1. Field of the invention
The present invention relates generally to dispensing of small portions of thin webs from rolls by pulling and tearing, and more specifically to an adapter configured to be fitted onto conventional dispensing boxes to improve their dispensing action.
2. Description of the Prior Art
Devices for the dispensing of small portions of sheet material from rolls of indeterminant length are, of course, well known and have a long history of developement. A significant number of U.S. Patents teach methods and apparatus to accomplish a wide variety of dispensing actions, and are reflective of the amount of effort which have been put into this area over the years. For example, U.S. Pat. No. 2,334,997 to Doll discloses one approach to the dispensing of paper products from a hand held container using a pulling and tearing action, wherein the user by hand pressure may somewhat control the pulling action, and the cutting action is accomplished against a sharp edge located along one extremity of a triangular shaped box.

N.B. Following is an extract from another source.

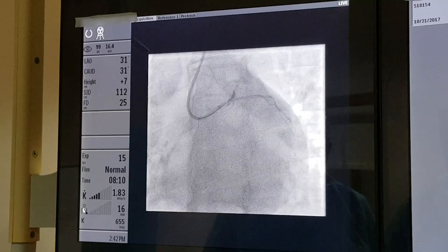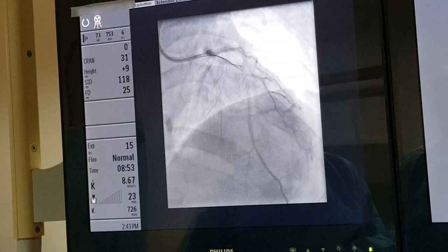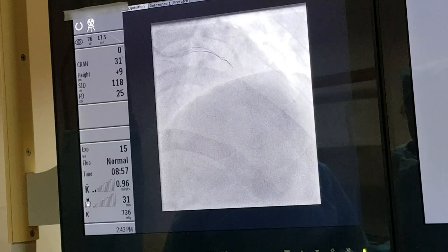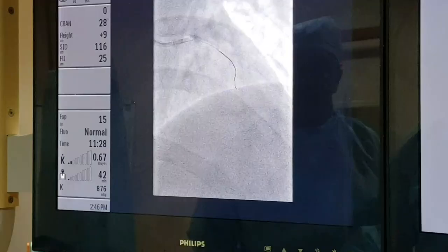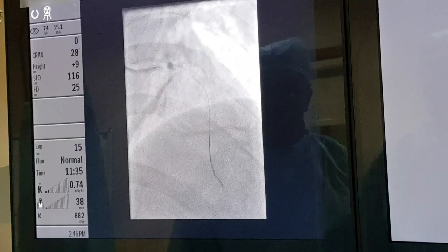The wire is near the block. Now I will advance this wire. Now I have crossed the block — you can see that I am advancing the wire into the coronary artery. So now I have crossed the block, and all the ballooning and stenting will be done over the wire.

In another U.S. Pat. No. 2,614,015 to MeGchee there is disclosed a wall mounted box, formed of two parts, which is used to dispense wax paper. A cut-out access hole through both parts is provided to allow the user to insert a finger and coax out the next portion of web to be pulled out and torn off.
Also, Canadian Pat. No. 541,507 to Finkel teaches yet another approach to controlling the pulling/tearing action of a sheet material dispenser. In this patent, we see a steel spring having a plastic/rubber coated end positioned so as to contact the web as it is pulled from between two surfaces forming a container housing the roll of material. The spring loaded coated end is angled so as to exert a type of ratchet action on the web being dispensed to overcome possible roll recoil action.
Due to the increasing availability of, and continuous demand for, disposable household products such as wax paper, plastic wrap, and the like, an entire industry has emerged to produce the containers and dispensers needed to carry these products. Lacking any industry-wide standards, the resulting dispensing boxes of the tear-off type include a bewildering array of approaches to the manipulative tasks which must be mastered to beneficially use the products being dispensed. Many of the existing boxes represent difficult puzzles to the users as they try to operate them; while others pose safety hazards as novice fingers attempt to work in close proximity to the sharp cutting edges which may be positioned in entirely unexpected or out of view places. These puzzles include the steps of; initially opening the dispensing box and removing the first portion of the web; arranging the web ends for property tearing against a possibly as yet unknown tearing edge; and deftly controlling the pulling rate while preventing unwanted recoil after the desired length of web is pulled and torn.
Many of these difficulties are, however, largely the result of a lack of user familiarity with the particular techniques needed to manipulate a particular dispensing box--which technique may not be appropriate to the very next dispensing box which the user is called on to handle. Therefore, it is clear that a need exists for a dispensing aid which will mitigate these difficulties, and which will provide the user with a straight-forward device which allows a single, well known, and well controlled dispensing technique to be applied to the wide range of dispensing boxes in existence. The improved dispenser adapter taught in the present invention admirably meets this need.SUMMARY OF THE INVENTION
It is therefore a primary object of the present invention to provide an improved dispenser adapter for use with existing dispensing boxes of the pull and tear type; and one which will overcome the disadvantages of the prior art devices.
A further object of the prsent invention is to provide an improved dispenser adapter which may be fitted over existing dispensing boxes and which cooperates with the box structure to provide a single, safe, and controllable pulling/tearing action, thereby greatly aiding in the dispensing of small sections of thin webs.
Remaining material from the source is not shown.